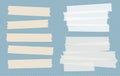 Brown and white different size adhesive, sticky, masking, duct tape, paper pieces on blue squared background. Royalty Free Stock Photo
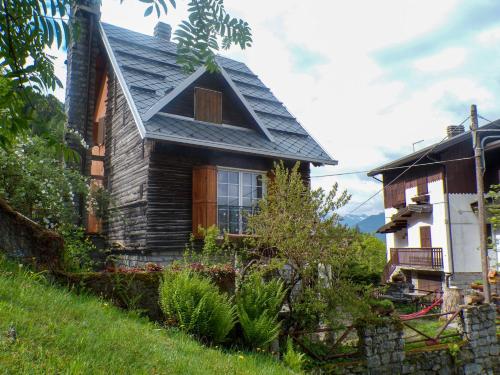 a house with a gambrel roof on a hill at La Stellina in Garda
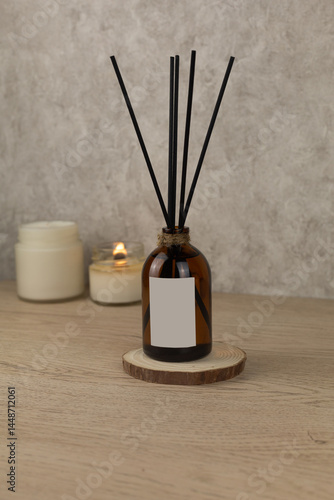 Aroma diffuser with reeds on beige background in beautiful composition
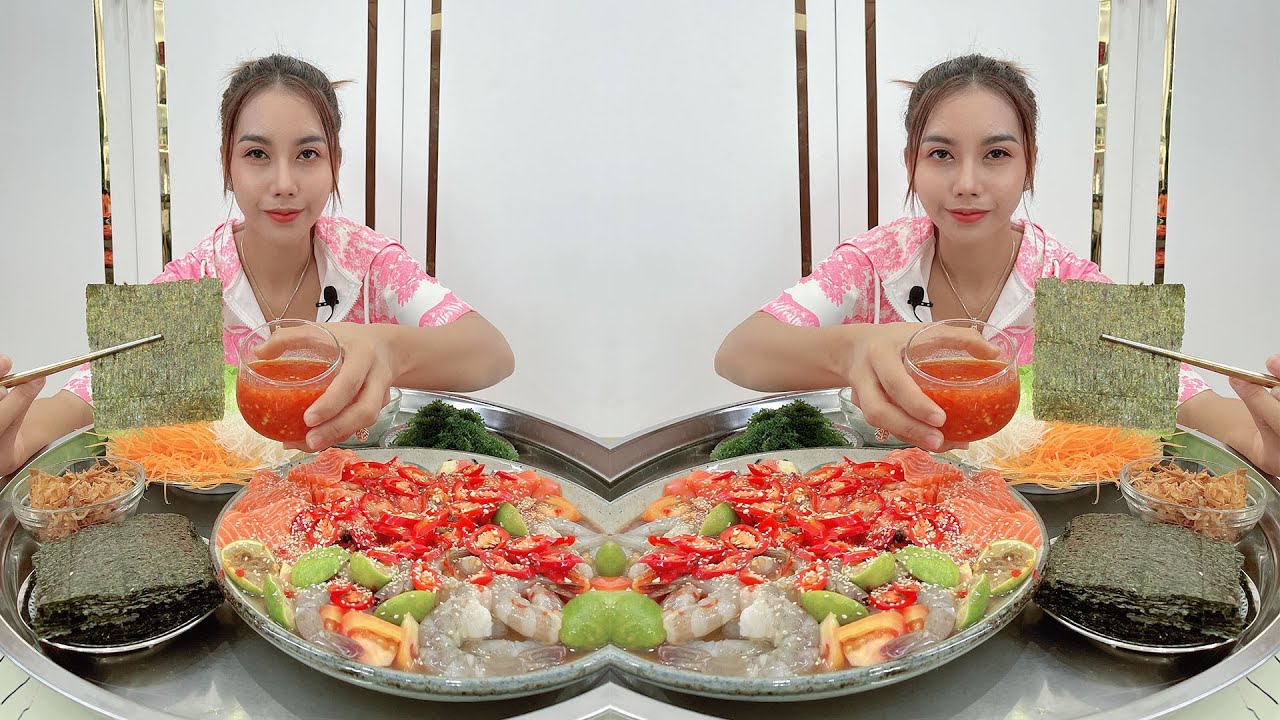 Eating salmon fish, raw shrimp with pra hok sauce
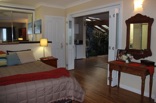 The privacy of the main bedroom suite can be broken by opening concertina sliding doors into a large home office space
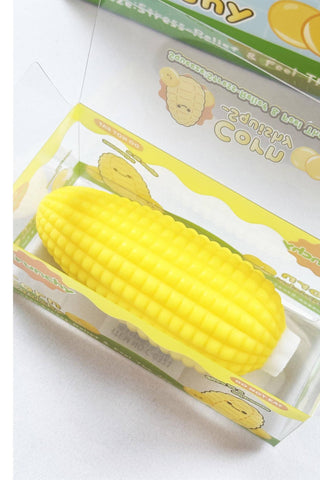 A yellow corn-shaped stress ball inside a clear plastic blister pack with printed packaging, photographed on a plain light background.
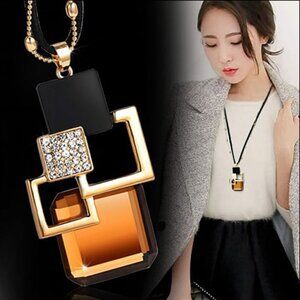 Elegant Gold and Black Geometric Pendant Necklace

*****

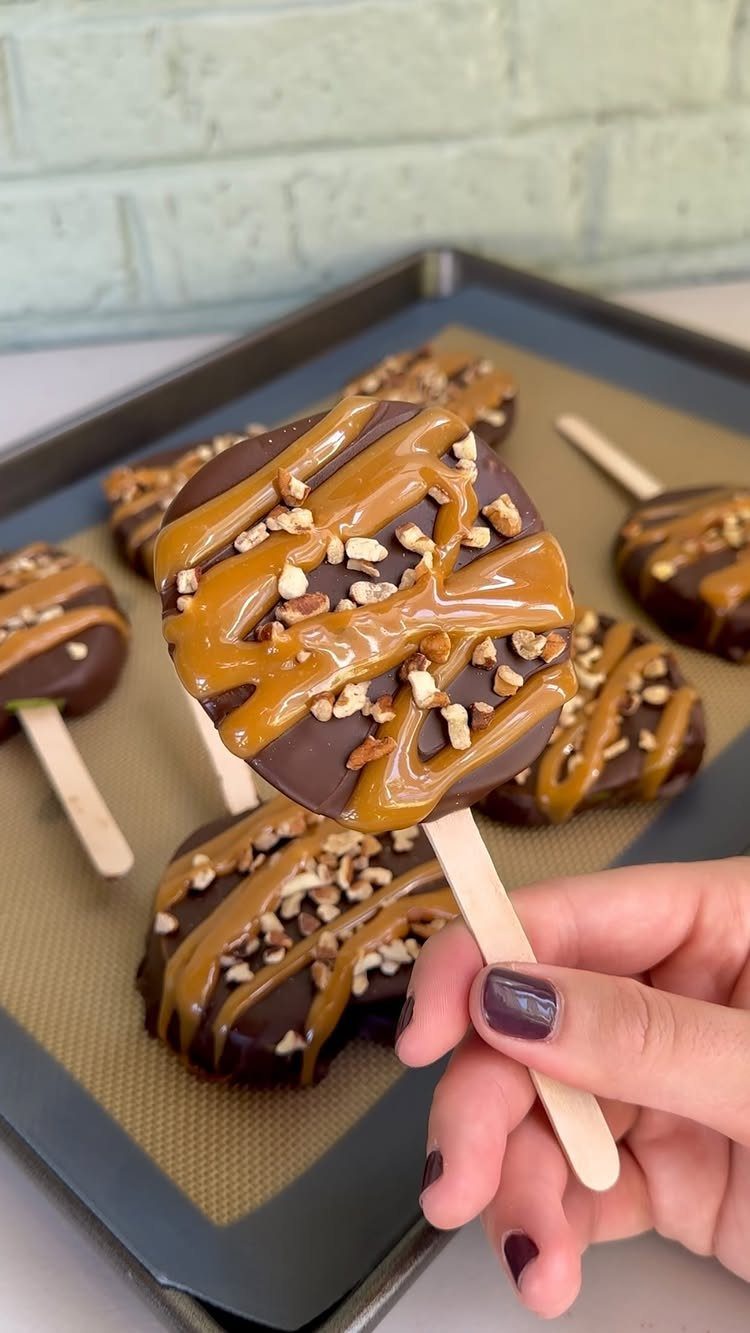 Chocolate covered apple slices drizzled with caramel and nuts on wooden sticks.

*****

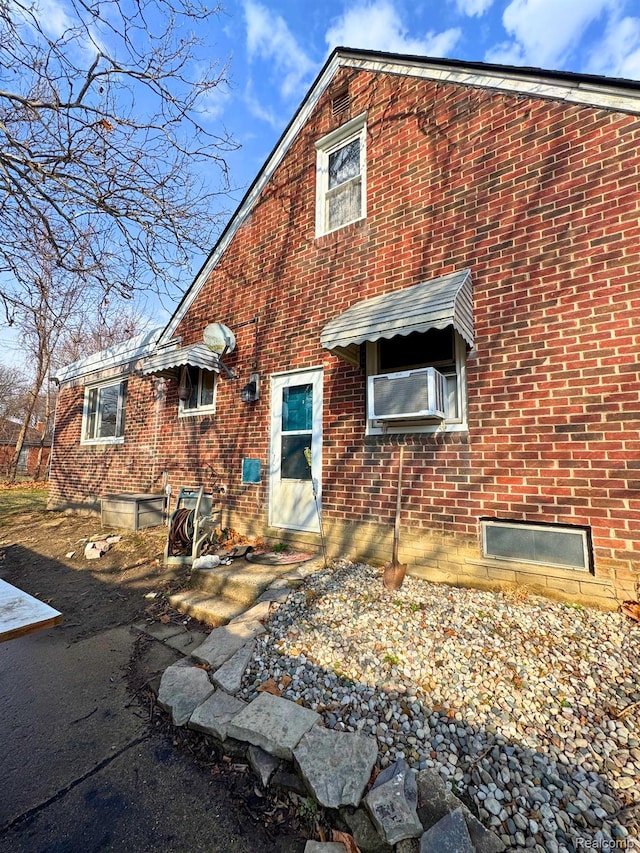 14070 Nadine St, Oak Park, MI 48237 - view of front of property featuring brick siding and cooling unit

*****

(WHAT YOU HAVE TO DO) Look above for the line with "Brown and white" and the line with "The privacy of"; set down those two lines and all lines between them exactly, without pictures and without anything else.

(EXERCISE ANSWER)
 Brown and white different size adhesive, sticky, masking, duct tape, paper pieces on blue squared background. Royalty Free Stock Photo
 a house with a gambrel roof on a hill at La Stellina in Garda
 Aroma diffuser with reeds on beige background in beautiful composition
 Eating salmon fish, raw shrimp with pra hok sauce
 The privacy of the main bedroom suite can be broken by opening concertina sliding doors into a large home office space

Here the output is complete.